A tiny pod of orcas in the Strait of Gibraltar started tripping big alarms in 2020 when the animals started damaging and sinking boats — a lot of them. Until now, 673 sailboats and fishing boats have sustained damage from orcas in southwest European waters over the past four years, according to a new report. Seven of those sank in incidents that involved ramming and bumping, especially focused on the boats’ rudders.

Humans have largely reacted via 1) fascination and 2) trying to figure out what’s going on. Fabulous theories have circulated, such as some that claimed the encounters were trauma responses.

Orcas are famously intelligent. They selectively eat great white shark livers for vaguely understood reasons, communicate in dialects, and even used humans as a companion hunting species in Australia (in a centuries-long symbiosis called the “Law of the Tongue”).

But, a new theory argues, the young orcas responsible for harassing boats in today’s Mediterranean waters display a relatable shortfall: They play too rough.

Breaking their toys

Recent footage from the Spanish group Conservation, Information, and Research on Cetaceans (CIRCE) shows the whales approaching and nosing at boat rudders while others watch from a short distance.

The behavior goes beyond “simple curiosity,” CIRCE argues. It more closely resembles a game — “a playful and challenging exploration” or “a “search for environmental enrichment.”

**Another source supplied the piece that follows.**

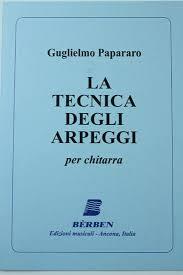 La Tecnica Degli Arpeggi It-In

When they damage or sink a boat, it could just be the natural cost of their exuberance. Most of the orcas hounding the boats are young or adolescent males, according to the report. They belong to the critically endangered Iberian population, estimated at fewer than 40 individuals.

“There’s nothing in the behavior of the animals that suggests that they’re being aggressive,” study co-author Alex Zerbini, a University of Washington senior research scientist also involved with the International Whaling Commission, told The Washington Post. “As they play with the rudder, they don’t understand that they can damage the rudder and that damaging the rudder will affect human beings.”

Too much time on their flippers?

Finally, the report pointed out, the whales might just be enjoying more leisure time than they used to. The Iberian population’s main food source is the bluefin tuna, a species that almost disappeared from overfishing as recently as the 1990s. Now that bluefin numbers have somewhat recovered in the Mediterranean, their predators may hunt their food more quickly — and so face a surplus of free time.

It’s possible the orcas “have all this leisure time on their hands because they don’t have to eat every fish they find,” study co-author Naomi Rose, with the Animal Welfare Institute in Washington D.C., told the Post.

But if the killer whales are in fact just having fun with it all, the anglers and sailors in the region aren’t. The report also includes recommendations for how to deter the interactions but limit harm to the whales and their habitat.

For now, short sonic blasts are the focal strategy. Loud noises can startle the animals away with a low risk of provoking more attention.

But tomorrow, who knows? The mercurial apex predators who helped our ancestors establish the Law of the Tongue seem capable of toying with us at almost every turn.